# Task objective:
Restate every line below word for word, but drop each picture.

# Available data:
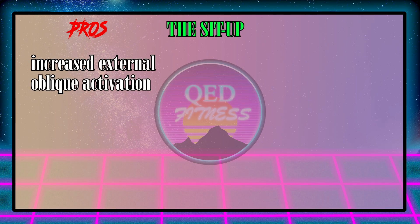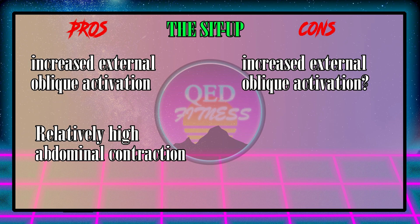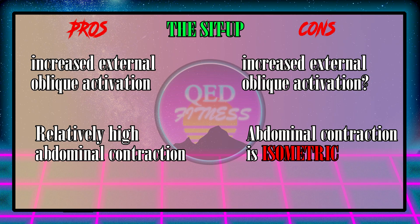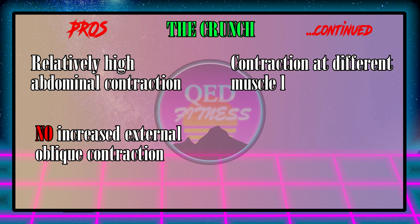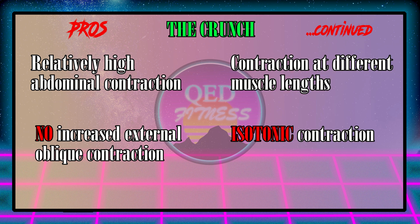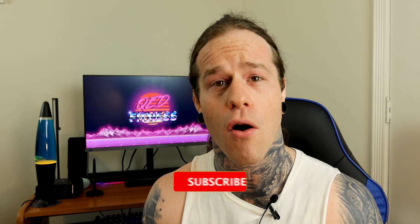Let's compare the sit-up and the crunch using pros and cons. For the sit-up: increased external oblique activation and high rectus abdominis activation. The cons? We're not sure the oblique activation is beneficial, and the rectus abdominis contraction is isometric. For the crunch: we also get high rectus abdominis contraction, but without the large external oblique contraction — and we're contracting the muscle through different lengths, all of which are isotonic contractions. Cons of the crunch? I don't think we have any. After a little critical thinking, we know the crunch is better than the sit-up, leg raise, and spontaneous flexion. This is why it's important to read the entire scientific study — otherwise, based on the abstract alone, we would still think the sit-up was the best ab exercise simply because of the EMG readings.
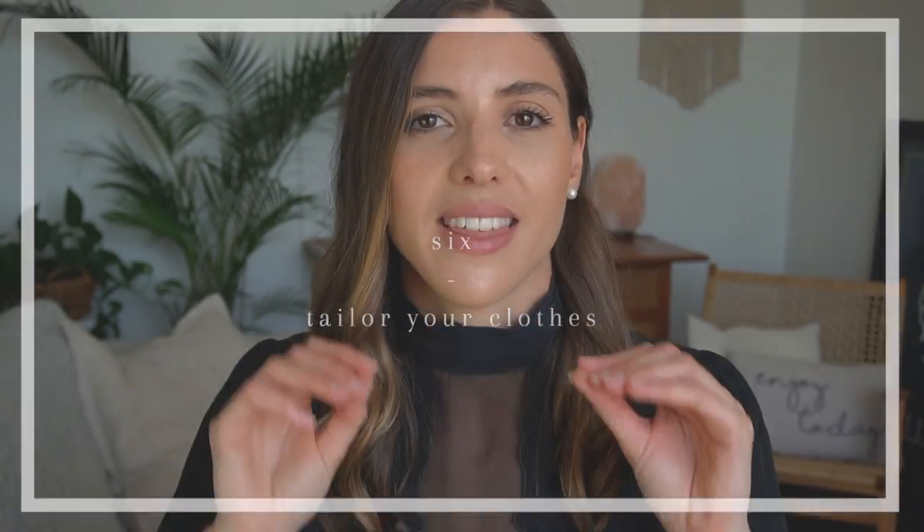Tip number six is to tailor your clothes that don't fit. If you have something in your closet that you love but doesn't quite fit right, that is a waste of money — go get it tailored. Tailoring does not cost that much and makes your clothes fit you, which makes you look more expensive. Having tailored jackets, pants, and suits will make your clothes look like they were made for you. And if you have great heels or boots that have worn down, get the soles repaired — it's cheaper than buying a new pair.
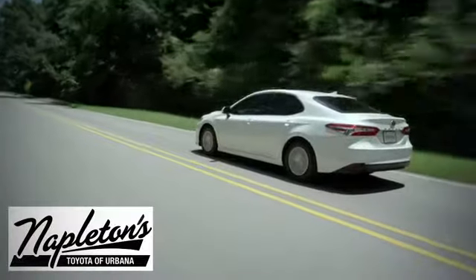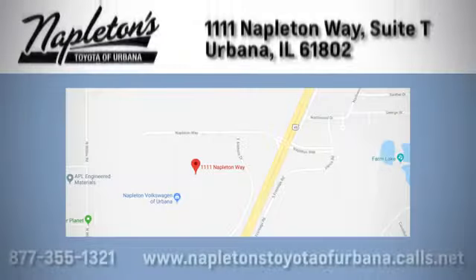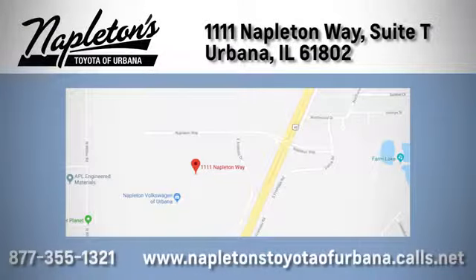From the time you come into our facility, you can see why Napleton's Toyota of Urbana is different from the competition. Call, click, or stop in today. We're located at 1111 Napleton Way, Sweet Tea in Urbana.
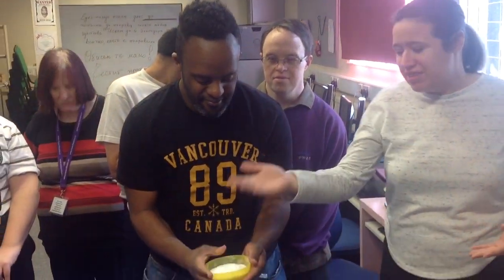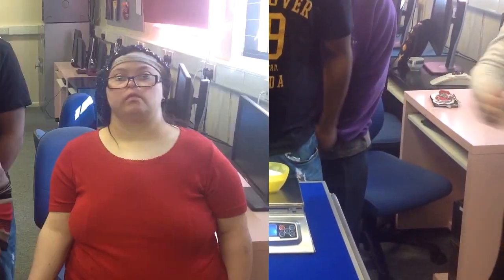We have measured 200 grams of bicarbonate of soda — there you go, ta-da! We weighed 100 grams of citric acid.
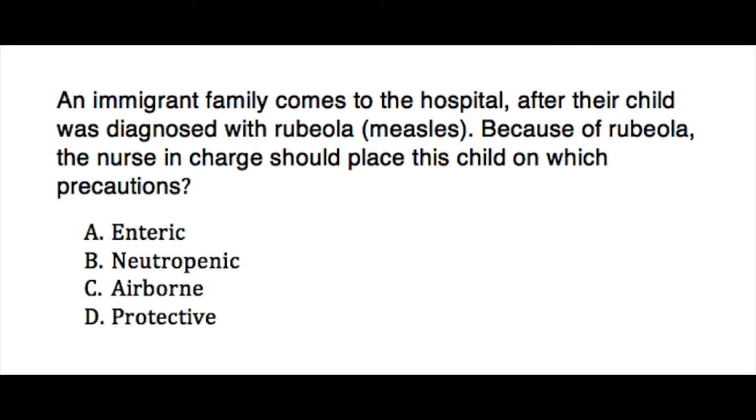The answer choices here are: A, enteric; B, neutropenic; C, airborne; or D, protective. You can pause, answer this question, come back, and check for the correct answer.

# Finished task:
Let's compare the sit-up and the crunch using pros and cons. For the sit-up: increased external oblique activation and high rectus abdominis activation. The cons? We're not sure the oblique activation is beneficial, and the rectus abdominis contraction is isometric. For the crunch: we also get high rectus abdominis contraction, but without the large external oblique contraction — and we're contracting the muscle through different lengths, all of which are isotonic contractions. Cons of the crunch? I don't think we have any. After a little critical thinking, we know the crunch is better than the sit-up, leg raise, and spontaneous flexion. This is why it's important to read the entire scientific study — otherwise, based on the abstract alone, we would still think the sit-up was the best ab exercise simply because of the EMG readings.
Tip number six is to tailor your clothes that don't fit. If you have something in your closet that you love but doesn't quite fit right, that is a waste of money — go get it tailored. Tailoring does not cost that much and makes your clothes fit you, which makes you look more expensive. Having tailored jackets, pants, and suits will make your clothes look like they were made for you. And if you have great heels or boots that have worn down, get the soles repaired — it's cheaper than buying a new pair.
From the time you come into our facility, you can see why Napleton's Toyota of Urbana is different from the competition. Call, click, or stop in today. We're located at 1111 Napleton Way, Sweet Tea in Urbana.
We have measured 200 grams of bicarbonate of soda — there you go, ta-da! We weighed 100 grams of citric acid.
The answer choices here are: A, enteric; B, neutropenic; C, airborne; or D, protective. You can pause, answer this question, come back, and check for the correct answer.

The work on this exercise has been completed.